Potential fix for saving quantized models trained using fsdp

neuralmagic · Satrat · Mar 18, 2024 · Mar 15, 2024 · Mar 18, 2024 · cc05f07abb0d246a9f1ec2617310f43e8bb33950
commit cc05f07abb0d246a9f1ec2617310f43e8bb33950
diff --git a/src/sparseml/transformers/finetune/runner.py b/src/sparseml/transformers/finetune/runner.py
@@ -40,7 +40,11 @@
 )
 from sparseml.transformers.finetune.model_args import ModelArguments
 from sparseml.transformers.finetune.training_args import TrainingArguments
-from sparseml.utils.fsdp.helpers import is_fsdp_model, unwrap_and_export_model
+from sparseml.utils.fsdp.helpers import (
+    find_and_move_state_dicts_to_cpu,
+    is_fsdp_model,
+    unwrap_and_export_model,
+)
 
 
 _LOGGER: logging.Logger = logging.getLogger(__name__)
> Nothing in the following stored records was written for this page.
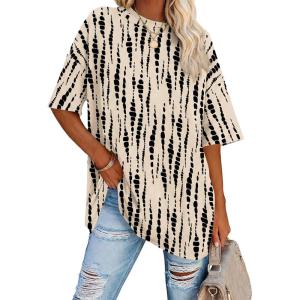 Fisoew Women’s Oversized T Shirts Tees Half Sleeve Crew Neck Cotton Tunic Tops(Black Stripe)
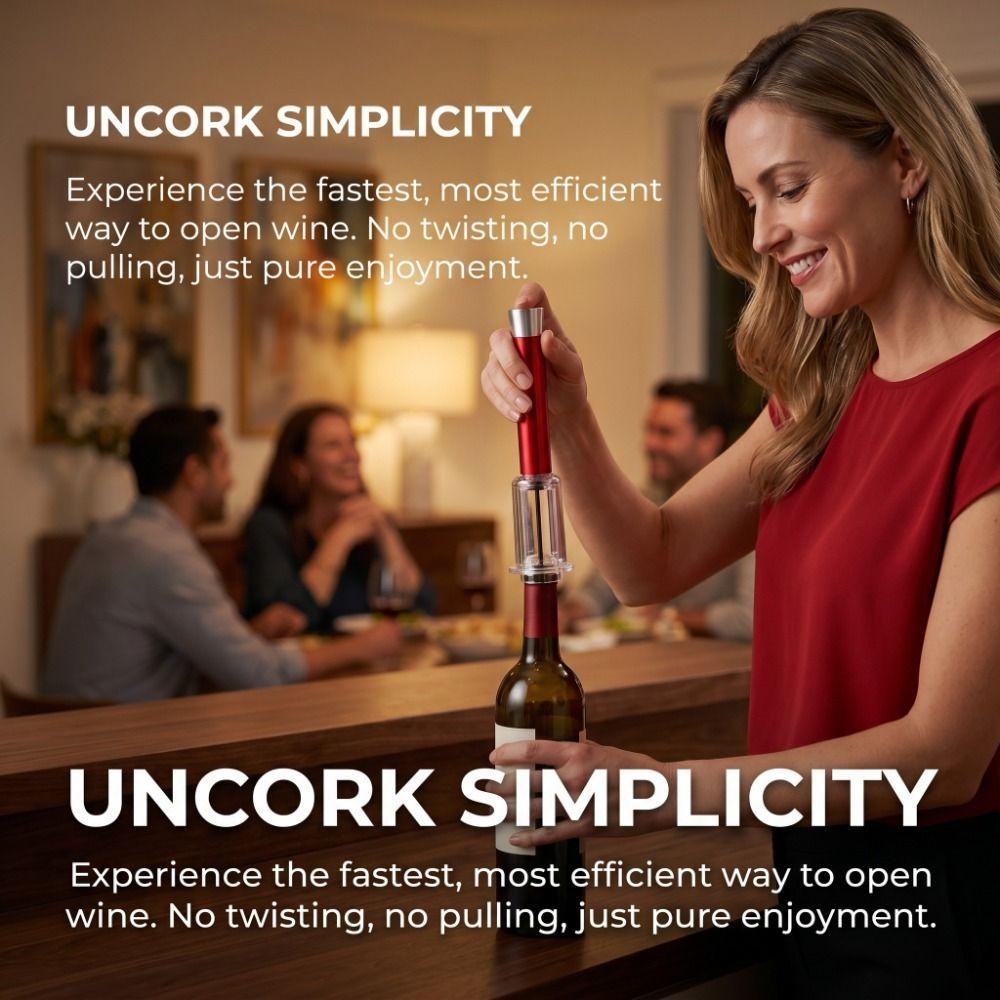 Red Cork Remover Aluminum+ABS Corkscrew Tools Easy Air Pump Pressure Bottle Opener  Red Wine Bottle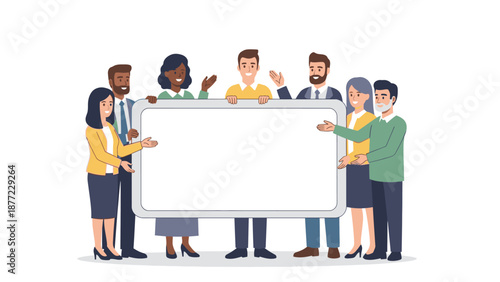 A diverse group of people in business casual attire are standing together, holding and pointing to a large blank whiteboard with a joyful and celebratory mood, conveying teamwork and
@@ -175,6 +179,15 @@ def one_shot(self, stage: Optional[str] = None):
                     output_dir=self._output_dir,
                     tokenizer=self.tokenizer,
                 )
+                # only allow the main process move the state
+                # dicts to cpu
+                if self.trainer.accelerator.is_main_process:
+                    # assuming quantization is the last step
+                    # we no longer need the original model
+                    # and can safely delete it to save memory
+                    del self.trainer.model
+                    find_and_move_state_dicts_to_cpu(self._output_dir)
+
         else:
             save_model_and_recipe(
                 model=self.trainer.model,

diff --git a/src/sparseml/utils/fsdp/helpers.py b/src/sparseml/utils/fsdp/helpers.py
@@ -12,7 +12,9 @@
 # See the License for the specific language governing permissions and
 # limitations under the License.
 
+import logging
 import operator
+from pathlib import Path
 from typing import Optional, Union
 
 
@@ -25,6 +27,7 @@
 except ImportError:
     FullyShardedDataParallel = None
 
+import torch
 from torch.nn import Module
 
 from sparseml.core.model import ModifiableModel
@@ -39,8 +42,11 @@
     "unwrap_and_export_model",
     "save_pretrained_fsdp",
     "get_fsdp_parent",
+    "find_and_move_state_dicts_to_cpu",
 ]
 
+_LOGGER = logging.getLogger(__name__)
+
 
 def is_fsdp_model(model: Module) -> bool:
     """
@@ -113,6 +119,27 @@ def unwrap_and_export_model(model, accelerator, output_dir, tokenizer):
         )
 
 
+def find_and_move_state_dicts_to_cpu(output_dir: str):
+    """
+    Looks for state dicts in the output directory and overwrites them
+    with cpu state dicts.
+
+    this is needed for quantized models trained with FSDP as the state dict
+    contains device information, which can cause issues when loading the model
+    using transformers AutoModel.from_pretrained(...) if the device information
+    is not removed, assumes the state dicts are named pytorch_model*.bin
+    """
+
+    for model_file in Path(output_dir).rglob("pytorch_model*.bin"):
+        loaded_dict = torch.load(model_file)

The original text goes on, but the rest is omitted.